Frank Feist: Mit statistischen Werten kann ich hier bisher nicht dienen. Aber natürlich stehe ich im persönlichen Austausch mit vielen ausländischen Branchenkollegen. Mein genereller Eindruck ist, dass wir in Deutschland mehr mit Berührungsängsten gegenüber neuen Technologien zu tun haben, als unsere internationalen Mitstreiter. Außerdem kommt das Klischee des deutschen Dranges nach Perfektion nicht von ungefähr: Während man sich im Ausland über die 90 Prozent freut, die nun durch Einsatz neuer Technologien viel besser funktionieren, ärgern sich die Deutschen über die 10 Prozent, die noch nicht rund laufen.
VWheute: Wie groß ist der Anteil, den KIM heute bereits im Schadenmanagement von Gebäudeschäden innehat und wo geht die Reise noch hin?
Frank Feist: Oh, der Einsatz von KI bei Gebäudeschäden ist sicher noch ausbaufähig. Ich freue mich riesig auf die Ergebnisse der Entwicklungen, an welchen PropertyExpert derzeit mit Hochdruck arbeitet. Besonders bei Kleinschäden, die etwa 40 bis 50 Prozent aller Vorgänge ausmachen, ist die Vollautomatisierung eine durchaus realistische Zukunftsperspektive: Den Schaden online einreichen und schon ein paar Stunden später das Geld erhalten, wie es in der Kfz-Branche heute schon möglich ist. Dort werden wir sicher bald hinkommen.

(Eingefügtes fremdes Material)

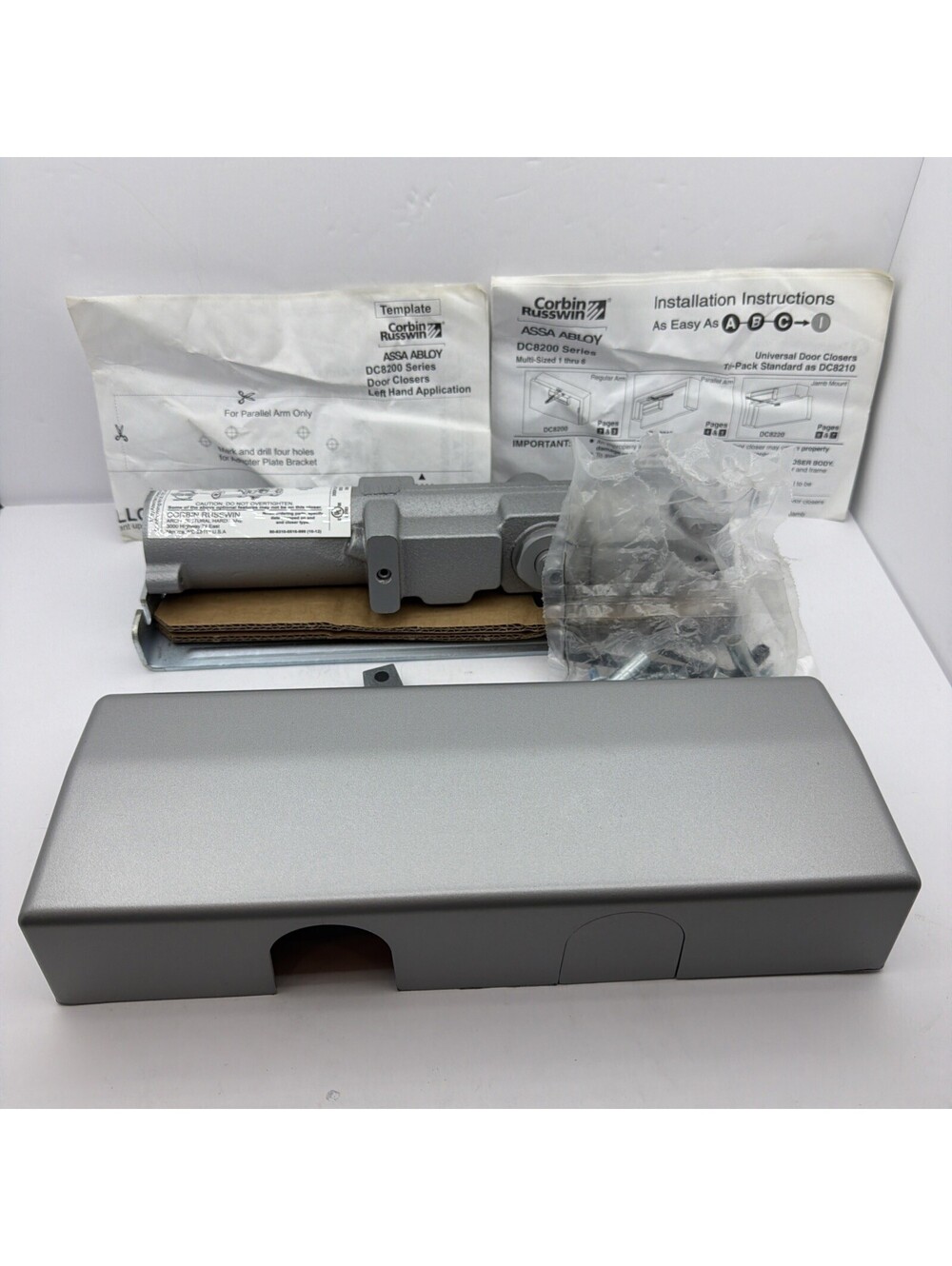 Corbin Russwin Dc8200m54-689 W/O Arm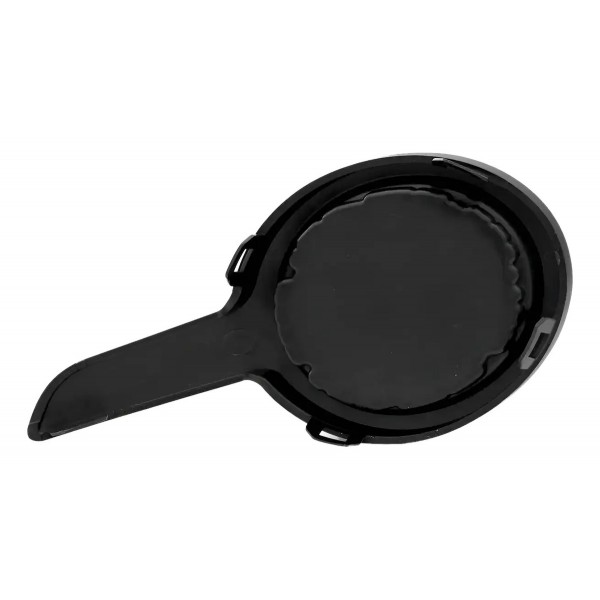 Moldura Milha Auxiliar Para Peugeot 208 12 A 16 S/furo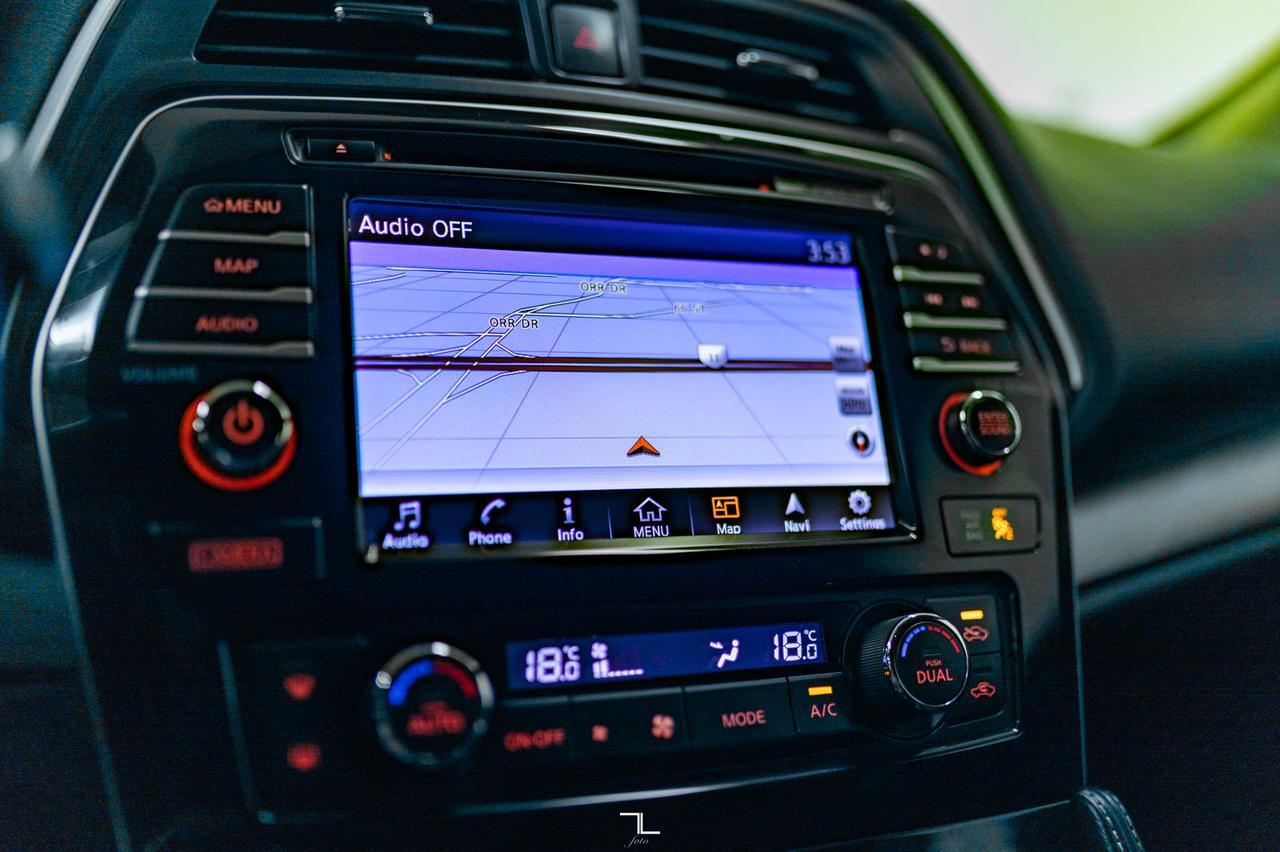 2017 Nissan Maxima SV Leather Nav BCam Red Deer AB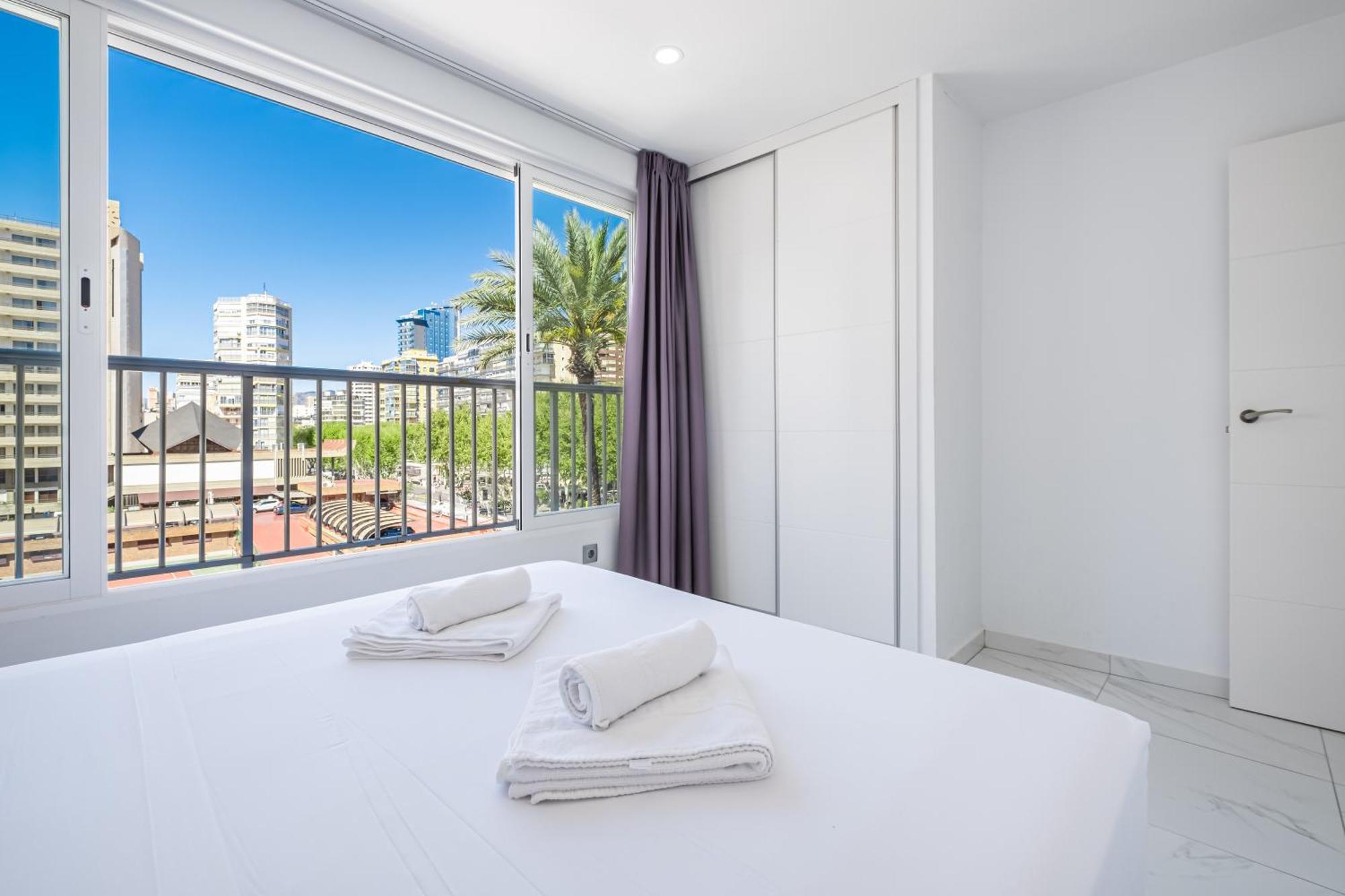 Penthouse Ancla 561 Levante Beach Benidorm Ngoại thất bức ảnh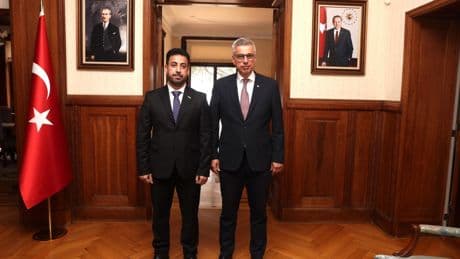 Bakan Memişoğlu, Suriyeli mevkidaşı Nizal el-Ali ile görüştü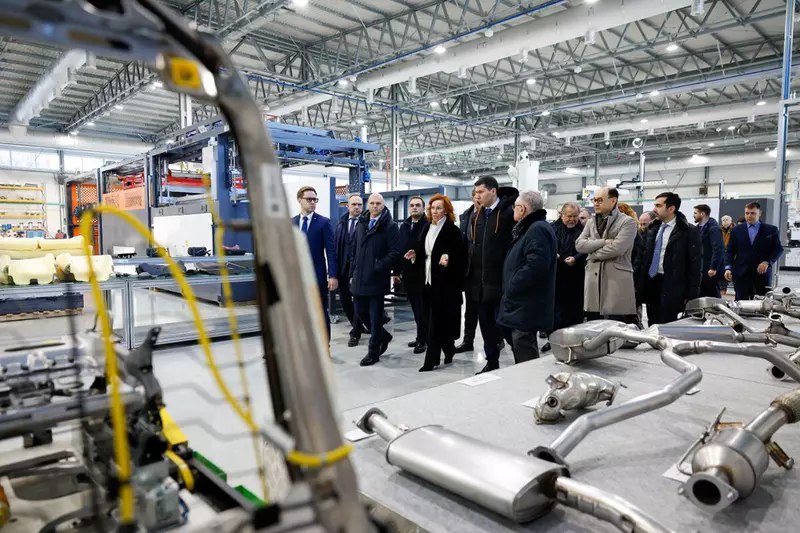 Запуск кластера автокомпонентов и электромобилей в Калининграде Запуск кластера автокомпонентов и электромобилей в Калининграде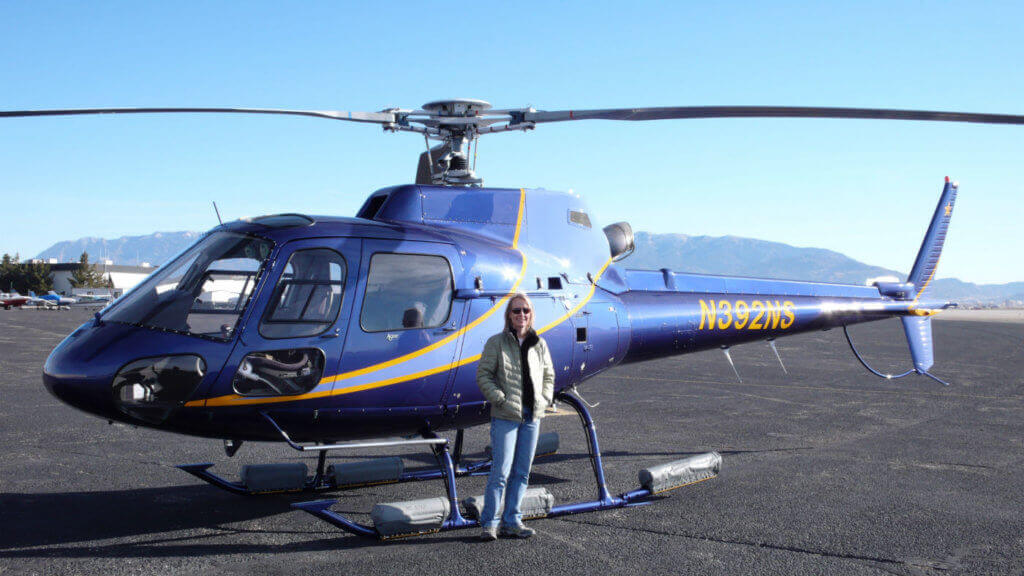 Katherine Hilst is a certified flight instructor with CFI and CFII ratings, as well as a commercial fixed-wing and helicopter pilot. TOPS Photo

Auch bei komplexeren Fällen könnte dem Kunden unmittelbar nach Schadenmeldung auf Basis der vorliegenden Informationen vollautomatisch der passende Dienstleister für die Behebung des Schadens empfohlen werden – mit einer deutlichen Steigerung der Steuerungsquote als logische und für den Versicherer ökonomisch attraktive Konsequenz!